Work instructions -> A precise repetition of every line below is the required answer.

(Raw data)

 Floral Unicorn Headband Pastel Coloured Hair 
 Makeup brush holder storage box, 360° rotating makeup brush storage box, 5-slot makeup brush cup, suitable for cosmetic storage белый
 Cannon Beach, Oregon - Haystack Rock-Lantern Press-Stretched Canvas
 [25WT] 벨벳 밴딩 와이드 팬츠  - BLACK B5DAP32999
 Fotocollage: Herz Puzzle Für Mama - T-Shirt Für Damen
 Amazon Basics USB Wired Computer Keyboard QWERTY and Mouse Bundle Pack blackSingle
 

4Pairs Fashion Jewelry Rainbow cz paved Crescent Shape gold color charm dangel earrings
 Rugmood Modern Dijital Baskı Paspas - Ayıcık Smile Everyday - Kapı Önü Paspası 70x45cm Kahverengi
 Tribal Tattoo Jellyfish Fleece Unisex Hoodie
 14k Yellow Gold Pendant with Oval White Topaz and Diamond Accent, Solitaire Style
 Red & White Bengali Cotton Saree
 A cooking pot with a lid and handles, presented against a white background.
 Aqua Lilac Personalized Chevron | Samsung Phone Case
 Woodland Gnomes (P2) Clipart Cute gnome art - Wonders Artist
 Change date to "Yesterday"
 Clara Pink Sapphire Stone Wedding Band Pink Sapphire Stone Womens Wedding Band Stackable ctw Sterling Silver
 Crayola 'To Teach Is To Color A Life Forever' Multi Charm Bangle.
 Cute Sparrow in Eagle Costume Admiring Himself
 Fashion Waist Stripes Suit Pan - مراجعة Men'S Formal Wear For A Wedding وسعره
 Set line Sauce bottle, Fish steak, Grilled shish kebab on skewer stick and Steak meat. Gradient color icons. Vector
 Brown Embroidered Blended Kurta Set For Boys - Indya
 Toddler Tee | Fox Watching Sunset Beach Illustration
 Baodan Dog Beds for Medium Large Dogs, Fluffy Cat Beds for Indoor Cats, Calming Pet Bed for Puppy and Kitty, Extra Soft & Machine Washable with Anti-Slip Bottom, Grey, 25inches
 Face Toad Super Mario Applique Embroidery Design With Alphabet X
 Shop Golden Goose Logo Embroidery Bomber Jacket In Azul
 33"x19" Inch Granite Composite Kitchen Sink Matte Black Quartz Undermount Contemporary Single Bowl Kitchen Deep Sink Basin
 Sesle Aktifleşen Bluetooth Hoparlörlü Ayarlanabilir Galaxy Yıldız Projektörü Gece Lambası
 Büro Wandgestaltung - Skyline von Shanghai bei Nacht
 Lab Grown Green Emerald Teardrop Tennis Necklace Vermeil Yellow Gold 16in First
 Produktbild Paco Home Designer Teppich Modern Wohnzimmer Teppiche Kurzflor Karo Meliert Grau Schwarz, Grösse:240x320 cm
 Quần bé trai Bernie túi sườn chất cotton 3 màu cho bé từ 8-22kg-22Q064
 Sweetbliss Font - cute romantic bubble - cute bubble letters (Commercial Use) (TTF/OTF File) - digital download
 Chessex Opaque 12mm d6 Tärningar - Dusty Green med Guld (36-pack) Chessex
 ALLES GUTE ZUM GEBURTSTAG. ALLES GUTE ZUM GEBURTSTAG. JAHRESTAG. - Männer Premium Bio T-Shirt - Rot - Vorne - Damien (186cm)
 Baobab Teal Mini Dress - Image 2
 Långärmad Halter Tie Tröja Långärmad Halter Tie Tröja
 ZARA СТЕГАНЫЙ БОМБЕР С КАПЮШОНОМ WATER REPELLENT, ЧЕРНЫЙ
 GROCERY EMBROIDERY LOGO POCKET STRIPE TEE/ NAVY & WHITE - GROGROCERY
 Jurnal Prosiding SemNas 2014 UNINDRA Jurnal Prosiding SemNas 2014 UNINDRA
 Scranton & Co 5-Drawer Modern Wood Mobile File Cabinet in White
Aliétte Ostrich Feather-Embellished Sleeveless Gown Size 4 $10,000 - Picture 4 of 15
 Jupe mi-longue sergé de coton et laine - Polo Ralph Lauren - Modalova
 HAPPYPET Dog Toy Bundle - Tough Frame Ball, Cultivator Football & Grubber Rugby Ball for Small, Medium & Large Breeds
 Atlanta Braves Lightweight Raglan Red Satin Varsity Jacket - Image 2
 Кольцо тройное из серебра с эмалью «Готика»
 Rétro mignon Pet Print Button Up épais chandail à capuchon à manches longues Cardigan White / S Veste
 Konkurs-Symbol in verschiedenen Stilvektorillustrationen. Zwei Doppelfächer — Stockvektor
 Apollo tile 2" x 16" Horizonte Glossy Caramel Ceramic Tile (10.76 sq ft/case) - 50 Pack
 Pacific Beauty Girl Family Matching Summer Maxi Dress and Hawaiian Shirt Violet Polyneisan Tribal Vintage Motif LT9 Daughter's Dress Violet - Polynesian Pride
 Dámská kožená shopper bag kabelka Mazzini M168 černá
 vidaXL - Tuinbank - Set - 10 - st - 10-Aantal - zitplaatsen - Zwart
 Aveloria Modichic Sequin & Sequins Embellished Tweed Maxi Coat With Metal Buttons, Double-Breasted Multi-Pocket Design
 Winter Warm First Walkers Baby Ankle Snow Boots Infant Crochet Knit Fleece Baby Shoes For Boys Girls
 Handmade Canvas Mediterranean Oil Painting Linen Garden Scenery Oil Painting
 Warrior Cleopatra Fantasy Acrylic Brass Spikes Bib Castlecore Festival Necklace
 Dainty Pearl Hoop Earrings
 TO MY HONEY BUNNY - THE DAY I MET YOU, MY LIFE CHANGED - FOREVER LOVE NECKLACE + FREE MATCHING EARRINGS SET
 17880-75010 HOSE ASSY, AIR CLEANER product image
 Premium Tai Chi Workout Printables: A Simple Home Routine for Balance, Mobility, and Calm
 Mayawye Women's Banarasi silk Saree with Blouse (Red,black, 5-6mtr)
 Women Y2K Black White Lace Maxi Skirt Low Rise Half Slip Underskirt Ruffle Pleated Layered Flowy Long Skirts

(End Raw data)

Solution below ->
 Floral Unicorn Headband Pastel Coloured Hair 
 Makeup brush holder storage box, 360° rotating makeup brush storage box, 5-slot makeup brush cup, suitable for cosmetic storage белый
 Cannon Beach, Oregon - Haystack Rock-Lantern Press-Stretched Canvas
 [25WT] 벨벳 밴딩 와이드 팬츠  - BLACK B5DAP32999
 Fotocollage: Herz Puzzle Für Mama - T-Shirt Für Damen
 Amazon Basics USB Wired Computer Keyboard QWERTY and Mouse Bundle Pack blackSingle
 

4Pairs Fashion Jewelry Rainbow cz paved Crescent Shape gold color charm dangel earrings
 Rugmood Modern Dijital Baskı Paspas - Ayıcık Smile Everyday - Kapı Önü Paspası 70x45cm Kahverengi
 Tribal Tattoo Jellyfish Fleece Unisex Hoodie
 14k Yellow Gold Pendant with Oval White Topaz and Diamond Accent, Solitaire Style
 Red & White Bengali Cotton Saree
 A cooking pot with a lid and handles, presented against a white background.
 Aqua Lilac Personalized Chevron | Samsung Phone Case
 Woodland Gnomes (P2) Clipart Cute gnome art - Wonders Artist
 Change date to "Yesterday"
 Clara Pink Sapphire Stone Wedding Band Pink Sapphire Stone Womens Wedding Band Stackable ctw Sterling Silver
 Crayola 'To Teach Is To Color A Life Forever' Multi Charm Bangle.
 Cute Sparrow in Eagle Costume Admiring Himself
 Fashion Waist Stripes Suit Pan - مراجعة Men'S Formal Wear For A Wedding وسعره
 Set line Sauce bottle, Fish steak, Grilled shish kebab on skewer stick and Steak meat. Gradient color icons. Vector
 Brown Embroidered Blended Kurta Set For Boys - Indya
 Toddler Tee | Fox Watching Sunset Beach Illustration
 Baodan Dog Beds for Medium Large Dogs, Fluffy Cat Beds for Indoor Cats, Calming Pet Bed for Puppy and Kitty, Extra Soft & Machine Washable with Anti-Slip Bottom, Grey, 25inches
 Face Toad Super Mario Applique Embroidery Design With Alphabet X
 Shop Golden Goose Logo Embroidery Bomber Jacket In Azul
 33"x19" Inch Granite Composite Kitchen Sink Matte Black Quartz Undermount Contemporary Single Bowl Kitchen Deep Sink Basin
 Sesle Aktifleşen Bluetooth Hoparlörlü Ayarlanabilir Galaxy Yıldız Projektörü Gece Lambası
 Büro Wandgestaltung - Skyline von Shanghai bei Nacht
 Lab Grown Green Emerald Teardrop Tennis Necklace Vermeil Yellow Gold 16in First
 Produktbild Paco Home Designer Teppich Modern Wohnzimmer Teppiche Kurzflor Karo Meliert Grau Schwarz, Grösse:240x320 cm
 Quần bé trai Bernie túi sườn chất cotton 3 màu cho bé từ 8-22kg-22Q064
 Sweetbliss Font - cute romantic bubble - cute bubble letters (Commercial Use) (TTF/OTF File) - digital download
 Chessex Opaque 12mm d6 Tärningar - Dusty Green med Guld (36-pack) Chessex
 ALLES GUTE ZUM GEBURTSTAG. ALLES GUTE ZUM GEBURTSTAG. JAHRESTAG. - Männer Premium Bio T-Shirt - Rot - Vorne - Damien (186cm)
 Baobab Teal Mini Dress - Image 2
 Långärmad Halter Tie Tröja Långärmad Halter Tie Tröja
 ZARA СТЕГАНЫЙ БОМБЕР С КАПЮШОНОМ WATER REPELLENT, ЧЕРНЫЙ
 GROCERY EMBROIDERY LOGO POCKET STRIPE TEE/ NAVY & WHITE - GROGROCERY
 Jurnal Prosiding SemNas 2014 UNINDRA Jurnal Prosiding SemNas 2014 UNINDRA
 Scranton & Co 5-Drawer Modern Wood Mobile File Cabinet in White
Aliétte Ostrich Feather-Embellished Sleeveless Gown Size 4 $10,000 - Picture 4 of 15
 Jupe mi-longue sergé de coton et laine - Polo Ralph Lauren - Modalova
 HAPPYPET Dog Toy Bundle - Tough Frame Ball, Cultivator Football & Grubber Rugby Ball for Small, Medium & Large Breeds
 Atlanta Braves Lightweight Raglan Red Satin Varsity Jacket - Image 2
 Кольцо тройное из серебра с эмалью «Готика»
 Rétro mignon Pet Print Button Up épais chandail à capuchon à manches longues Cardigan White / S Veste
 Konkurs-Symbol in verschiedenen Stilvektorillustrationen. Zwei Doppelfächer — Stockvektor
 Apollo tile 2" x 16" Horizonte Glossy Caramel Ceramic Tile (10.76 sq ft/case) - 50 Pack
 Pacific Beauty Girl Family Matching Summer Maxi Dress and Hawaiian Shirt Violet Polyneisan Tribal Vintage Motif LT9 Daughter's Dress Violet - Polynesian Pride
 Dámská kožená shopper bag kabelka Mazzini M168 černá
 vidaXL - Tuinbank - Set - 10 - st - 10-Aantal - zitplaatsen - Zwart
 Aveloria Modichic Sequin & Sequins Embellished Tweed Maxi Coat With Metal Buttons, Double-Breasted Multi-Pocket Design
 Winter Warm First Walkers Baby Ankle Snow Boots Infant Crochet Knit Fleece Baby Shoes For Boys Girls
 Handmade Canvas Mediterranean Oil Painting Linen Garden Scenery Oil Painting
 Warrior Cleopatra Fantasy Acrylic Brass Spikes Bib Castlecore Festival Necklace
 Dainty Pearl Hoop Earrings
 TO MY HONEY BUNNY - THE DAY I MET YOU, MY LIFE CHANGED - FOREVER LOVE NECKLACE + FREE MATCHING EARRINGS SET
 17880-75010 HOSE ASSY, AIR CLEANER product image
 Premium Tai Chi Workout Printables: A Simple Home Routine for Balance, Mobility, and Calm
 Mayawye Women's Banarasi silk Saree with Blouse (Red,black, 5-6mtr)
 Women Y2K Black White Lace Maxi Skirt Low Rise Half Slip Underskirt Ruffle Pleated Layered Flowy Long Skirts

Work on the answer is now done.